Going forward: Building a policy-relevant evidence base

As more and more districts and some states change their discipline policies, we have the potential to learn a lot. The Philadelphia experience serves as a useful case for researchers, policymakers, and practitioners looking forward.

Regardless of what we learn about promising interventions (for example, to mediate educators’ implicit biases, or for positive behavioral supports), these interventions need to be implemented at the school level to work. And it may be impossible to fully implement some policies in the context of existing resource constraints. The CPRE study’s interview findings about the importance of staffing and space in adjusting disciplinary policy seem obvious ex post, but many districts are changing their policies without addressing these first order issues.

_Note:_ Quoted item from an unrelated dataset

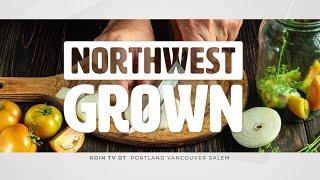 Northwest Grown Special 2024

Researchers should consider the importance of implementation research as an integral part of discipline reform program evaluation. And policymakers who want to see reductions in the use of exclusionary discipline—and improvements in the more fundamental problems for which it can be a symptom—should consider the importance of real resources, both for generating a robust evidence base and helping districts act on it.

The author did not receive any financial support from any firm or person for this article or from any firm or person with a financial or political interest in this article. She is currently not an officer, director, or board member of any organization with an interest in this article.